Le club c’est d’abord un immense espace de liberté. Il s’y passe des choses très fortes sur le plan humain.
Car ils sont un groupe avant toute chose. Auto-alimentés par des personnalités variées et passionnées par des artistes extrêmement différents, ils fonctionnent exactement comme bon leur chante, tant dans la musique que leur parcours. Cette impression de grands écarts répétés dans leurs choix est quelque chose qu’ils cultivent: une certaine notion de la liberté. Ils nous laissent tout de même un indice sur ce qui motive leurs collaborations : “Quand tu regardes notre réseau au sens large, tu te rends compte que c’est avant tout un concentré de gens jeunes qui en veulent. Par exemple, les Fils de Venus ou notre label Rouge Vinyle”.
Aujourd’hui, ils viennent de signer chez le très gros tourneur Furax. Un choix motivé par une rencontre, mais aussi par l’obsession qu’ils ont pour la scène. Ils vont pouvoir y bétonner un show et le jouer à grande échelle partout en France. Du label indie au mega booker, ils traitent tout au cas par cas, à l’humain, à l’envie.
L’obsession du club
La musique et les textes du groupe, si variés soient-ils, sont obsédés par une notion presque mystique du club. “Le club c’est d’abord un immense espace de liberté. Il s’y passe des choses très fortes sur le plan humain. C’est une sorte de déchaînement, une euphorie, tu peux écrire toi-même ce que tu vas y vivre”. Cette figure pose, enfin, un cadre esthétique à l’art de Bagarre. Mais n’allez pas y voir des popeux qui chantent la techno : “c’est dans les clubs que se sont développés les punks, qu’ont émergé des mouvements de sociétés comme l’émancipation de la scène gay aux États Unis, par exemple. C’est ça qui nous inspire”.

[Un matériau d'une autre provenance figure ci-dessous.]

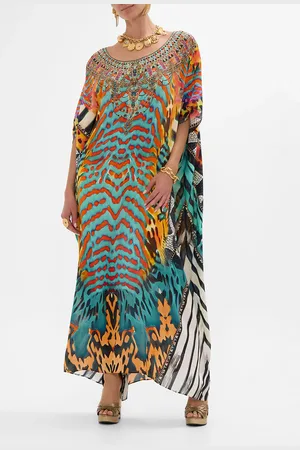 Camilla Round Neck Kaftan Desert Visions, O/S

C’est bien par ici qu’il faut chercher l’identité du groupe. L’énergie libertaire d’un club, ils la piochent dans tous les mouvements : “Sur scène, on peut faire un morceau très pop puis une track dansante de huit minutes. On est par exemple autant marqués par Christine & The Queens car elle “dépasse” la simple musique que par Big Freedia, de la scène hip hop gay de la Nouvelle Orléans”.
On peut le ressentir à l’écoute du maxi 12” vinyle qu’ils ont sorti chez Rouge Vinyle. D’ailleurs, c’est encore un nouveau pont entre les héritages : le maxi 3 titres est plus un format électronique que pop à proprement parler, qui aurait, elle, tendance à sortir en 45 tours. Refuser d’être liés aux références du passé, aux différentes traditions de la musique, c’est pouvoir y piocher sans se poser de questions.
Il semble que nous ne soyons pas au bout des surprises que Bagarre nous réserve. À l’image du clip de “Mourir Au Club” tourné en forêt et bourré d’ambiguïtés, ces jeunes gens semblent avoir ça dans le sang. On a hâte de découvrir ce que l’avenir leur réserve.